# R32 GTR - my first Skyline and about to start making it faster...



## InitialB (Jul 18, 2020)

Hi folks,

my first Skyline arrived last Friday - a 1993 R32 GTR. I bought the car from a dealer down south, but live in Scotland. It’s been over here for a few years and I noticed one of the MoT sleeves is from a garage in Aberdeen, so it would be nice to know if anyone knows the car or used to own it.

Currently the car is standard, other than a de-cat and seemingly unbranded exhaust, an ARC airbox, and a set of coilovers which seem to be Mine’s/Ohlins judging from the adjusters on the top.

I’ve bought a few bits and pieces this week and wanted to check I’m heading in the right direction with what I’m planning to do.

Sitting waiting to be fitted are...

A pair of rebuilt turbos with steel internals

A front pipe for the exhaust as it appears to be standard from the de-cat 

Mine’s ECU (I’ve e-mailed Mine’s to ask the spec)

Gizzmo boost controller

HKS 15w55 oil and an HKS filter

I’m obviously not chasing mega power at this stage, I’ll be using the car regularly and just want a bit more go without dramatically altering the driveability of the car.

What are your thoughts?

Thanks,

Brian.


----------



## InitialB (Jul 18, 2020)

I feel like I’m talking to myself, but I’ve started so I’ll finish....

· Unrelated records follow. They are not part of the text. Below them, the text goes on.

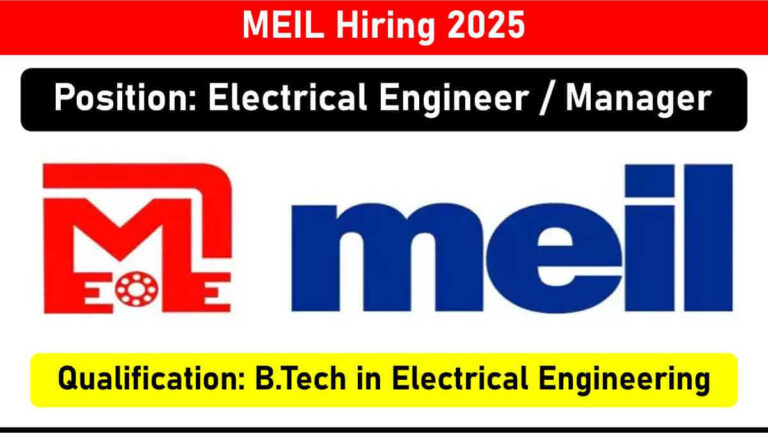 w 2025 10 29T071855.581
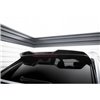 Maxton - Plus Haut Becquet 3D Audi Q8 / SQ8 / Q8 S-Line Mk1 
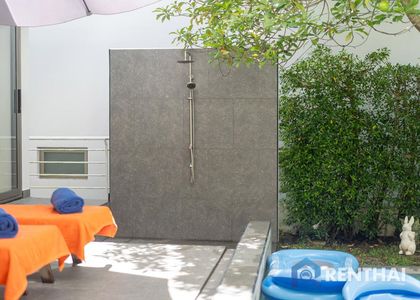 The Nest - Wallaya Villas - รูปภาพ 24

Mine’s have e-mailed me back regarding the ECU:


Brian,

That VX-ROM was programmed as follows:

BNR32 SKYLINE GT-R Later Version
Fuel mapping and ignition timing optimized Speed limiter removed Rev limit
expanded +300 Bare type air cleaner application With boost controller can
handle up to MAX 1.0kg/cm2 

FOR USE WITH 100 Ron octane rated fuel 

Best regards
Mines”

I’ve checked to see if I can see the factory boost restrictor in the pipe from the PCV valve, and it looks like it’s been removed already so should be running 1bar boost already.

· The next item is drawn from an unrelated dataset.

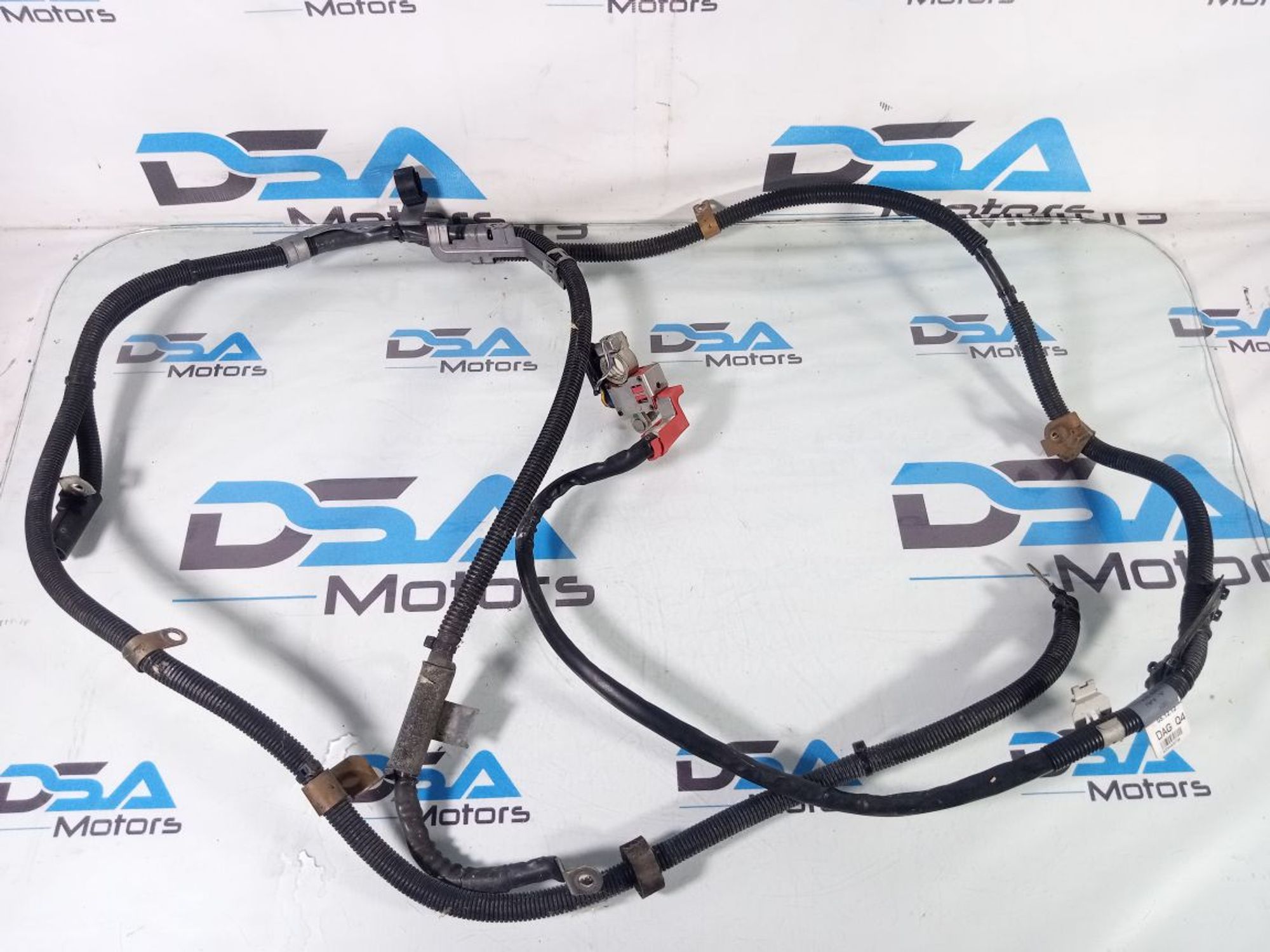 https://ycs.partsauto.market/partsauto-images/thmbs/userImages/b7628e092085f1f91467af1afb6e7630/part/ccbc2d5f-5e75-45e4-9c86-2b0e757d55fa_1727245488539.jpg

I still plan to fit the boost controller so I can see what it’s running exactly, and also for future boost increases as spec allows, but is there much point in changing the turbos as the Mine’s ECU is only supposed to run at 1bar max?

Cheers,

Brian.


----------



## Trev (Nov 1, 2003)

Whatever you do, L reg, White R32’s are the fastest


----------



## 4wdnoob (Sep 1, 2009)

Trev said:


> Whatever you do, L reg, black R32’s are the fastest



Fixed 😉

Brian, nice motor - welcome to GTR ownership, make sure you have an overdraft you can nip in to now and then, you may need it 😂
Personally, I would get rid of that 'chipped' ECU for a couple of reasons ( 100 Ron map and no rev limit) 
again, personally in my opinion a standard ecu would probably be safer as a temporary measure and you can can easily 'Nistune' a 32 ECU or go aftermarket.

II would say go easy with it, but no Skyline or GTR owner I have ever met buys one to take it easy. 

Jm2pw


----------



## InitialB (Jul 18, 2020)

Trev said:


> Whatever you do, L reg, White R32’s are the fastest


Got to be worth at least 50bhp over grey?!


----------



## InitialB (Jul 18, 2020)

4wdnoob said:


> Fixed 😉
> 
> Brian, nice motor - welcome to GTR ownership, make sure you have an overdraft you can nip in to now and then, you may need it 😂
> Personally, I would get rid of that 'chipped' ECU for a couple of reasons ( 100 Ron map and no rev limit)
> ...


I fitted the ECU today before I saw this - couldn’t help myself as it was sat in the glovebox and I wanted to get the existing one out for a look - it was running a standard ECU as expected.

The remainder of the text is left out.